Concurrency — 4-user degradation at 2.48× · Met the target of under 3×

All 6 predefined success criteria: PASS


1. Benchmark Purpose and Background

When adopting a data platform, the first question to answer is "How fast does it perform at our scale?" To objectively verify whether the DIP platform meets expected performance in production environments, we conducted the industry-standard TPC-DS SF-100 benchmark.

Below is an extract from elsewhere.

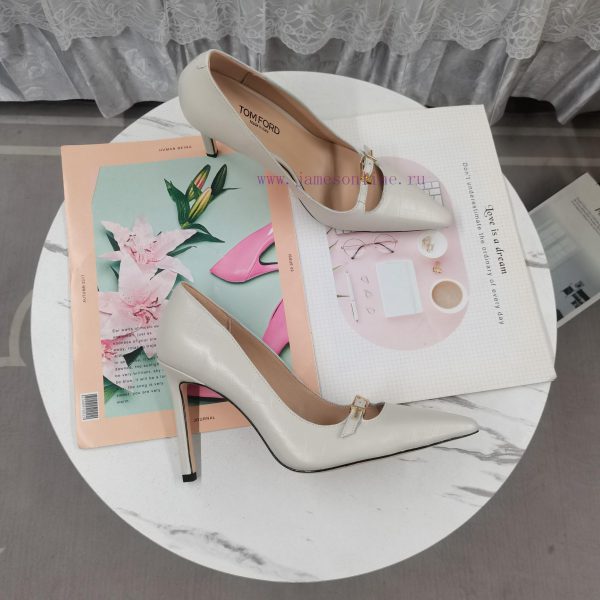 New Top Top TOM FORD2024 official website synchronized new belt buckle square toe high-heeleqec8kukj - Image 3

TPC-DS is a decision support benchmark modeled on a retail scenario, consisting of 99 analytical queries that include complex joins, subqueries, and window functions. SF-100 corresponds to approximately 100GB of raw data (~30GB after compression), making it a suitable scale for evaluating mid-size analytical workloads.

Success Criteria

The following criteria were defined before the benchmark began.

Metric Criteria Rationale
SF-100 Batch Ingestion Time Under 3 hours ELT must complete within half the typical nightly batch window (4–6 hours) to leave headroom for downstream tasks (aggregation, report generation)
Batch Ingestion Throughput Minimum 10K rows/sec Processing SF-100 (960M rows) in 3 hours requires at least ~89K rows/sec, but 10K rows/sec is set as a universal floor covering small daily incremental loads (millions of rows)
SF-100 Query Geometric Mean Under 60 seconds Upper limit for interactive analytical query response. Beyond 1 minute, exploratory analysis flow is disrupted and productivity declines
4-User Concurrency Degradation Within 50% of single-user (under 3×) Assumes a small analytics team (3–5 members) on a 3-CN-node environment. Must sustain at least 25% better efficiency than linear degradation (4×) to be considered practical concurrency
Data Integrity 100% source-target match Fundamental requirement for any data platform. Row count or checksum mismatch between source and target fundamentally undermines analytical reliability—non-negotiable
TPC-DS Query Pass Rate 99/99 (100%) The 99 TPC-DS queries extensively use advanced ANSI SQL features (CTEs, window functions, ROLLUP, etc.), making a full pass rate an indicator of SQL compatibility completeness

2. Test Environment

2.1 Infrastructure (Google Cloud)

Role Machine Type vCPU RAM Boot Disk Data Disk
rke2-node × 3 n2-standard-8 8 32 GB 100 GB pd-ssd 1,000 GB pd-ssd
PostgreSQL × 1 e2-standard-8 8 32 GB 50 GB pd-ssd 1,000 GB pd-ssd

2.2 Software Stack

Component Version Role
PostgreSQL 16.x Source RDBMS
Spark 3.5.x Batch ELT Engine
StarRocks 3.5.2 (FE 1 + CN 3) Analytical Query Engine
Lakekeeper latest Iceberg REST Catalog
GCS S3-compatible Object Storage

2.3 StarRocks CN Node Configuration

Parameter Value
CN Node Count 3
MemLimit per Node 16 GB
exec_mem_limit (Single User) 16 GB
exec_mem_limit (Concurrency Test) 16 GB ÷ concurrent users (per node)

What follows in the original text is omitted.